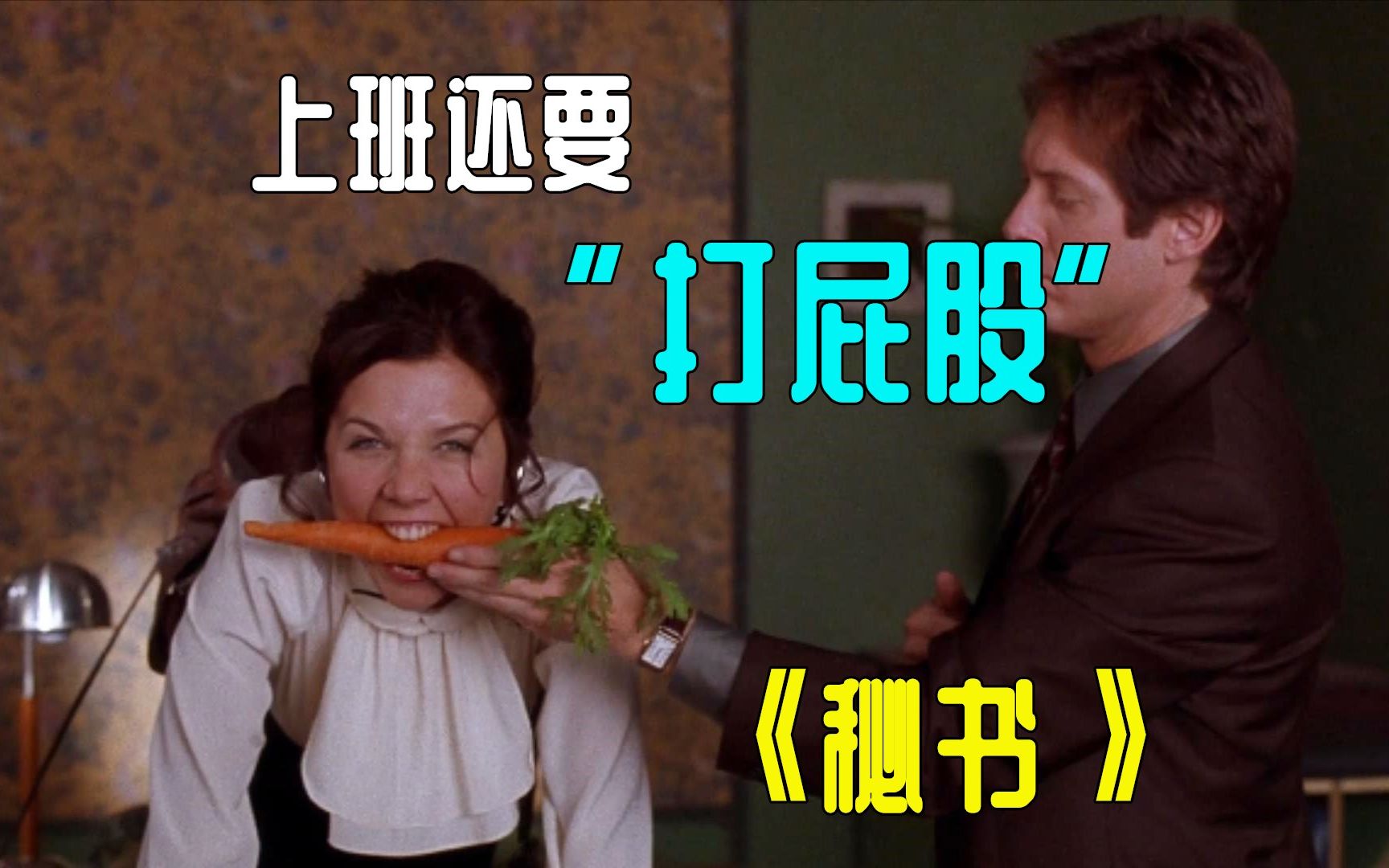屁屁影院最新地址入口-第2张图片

---

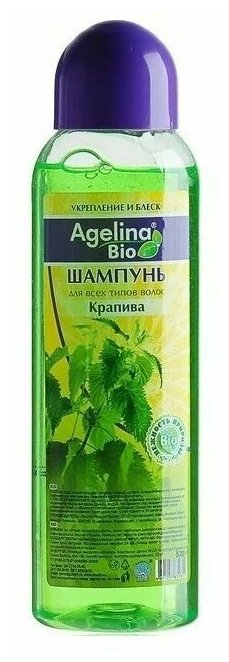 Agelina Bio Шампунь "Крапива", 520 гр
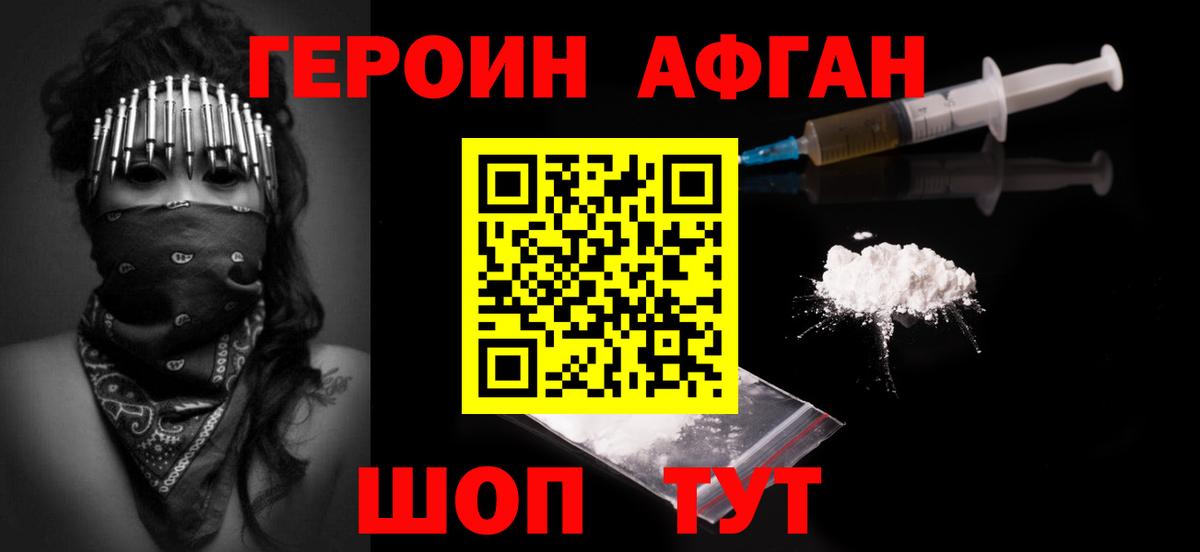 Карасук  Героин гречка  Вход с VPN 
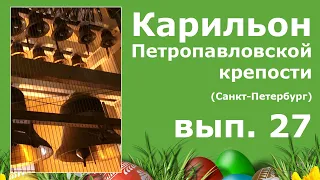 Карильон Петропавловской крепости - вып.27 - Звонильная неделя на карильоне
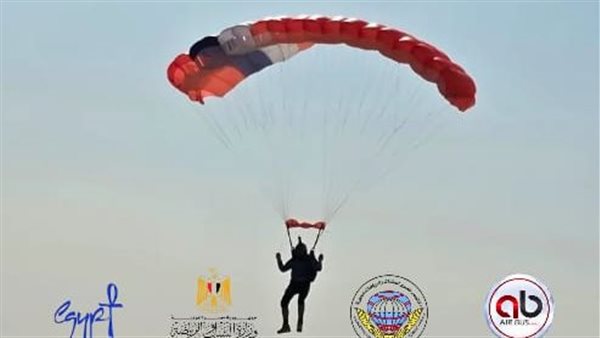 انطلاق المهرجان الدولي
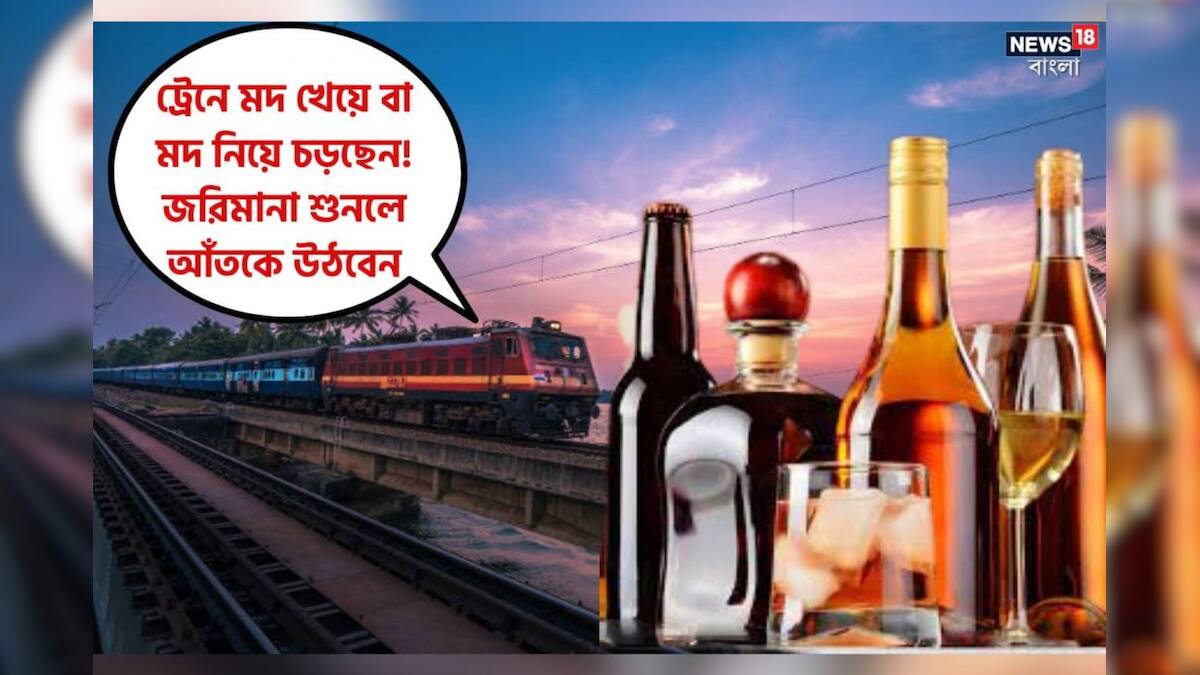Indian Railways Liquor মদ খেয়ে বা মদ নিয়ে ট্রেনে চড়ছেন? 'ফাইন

---

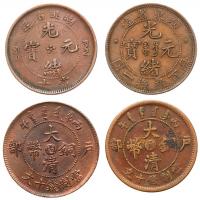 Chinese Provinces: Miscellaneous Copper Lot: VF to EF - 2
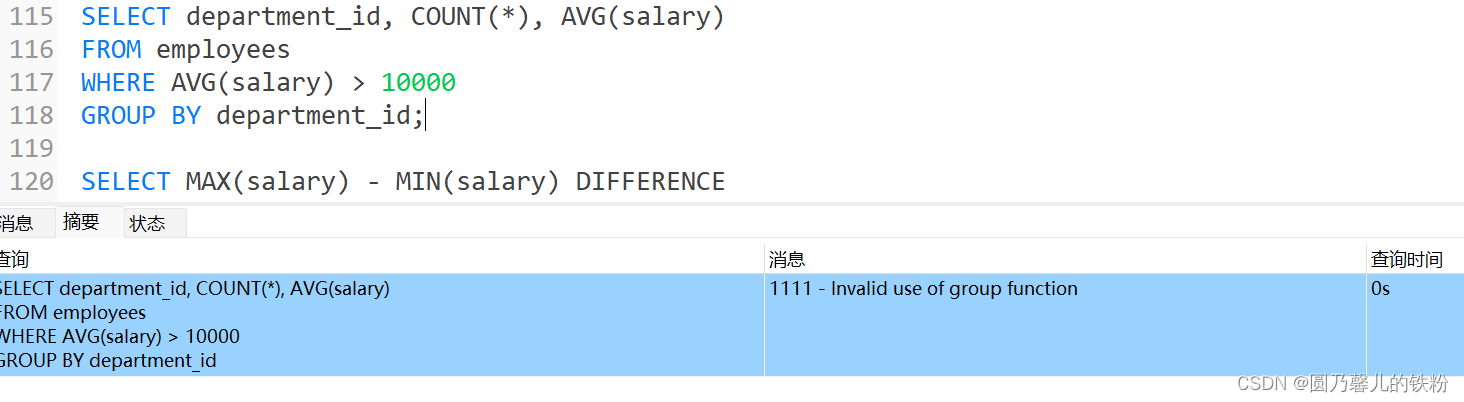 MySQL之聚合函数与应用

*WHAT IS REQUIRED*.
The copy should hold only the lines from the one with "Agelina Bio Шампунь" through the one with "Indian Railways Liquor", exactly as they stand above. Leave out the pictures.

*WORKED SOLUTION*.
 Agelina Bio Шампунь "Крапива", 520 гр
 Карасук  Героин гречка  Вход с VPN 
 Карильон Петропавловской крепости - вып.27 - Звонильная неделя на карильоне
 انطلاق المهرجان الدولي
Indian Railways Liquor মদ খেয়ে বা মদ নিয়ে ট্রেনে চড়ছেন? 'ফাইন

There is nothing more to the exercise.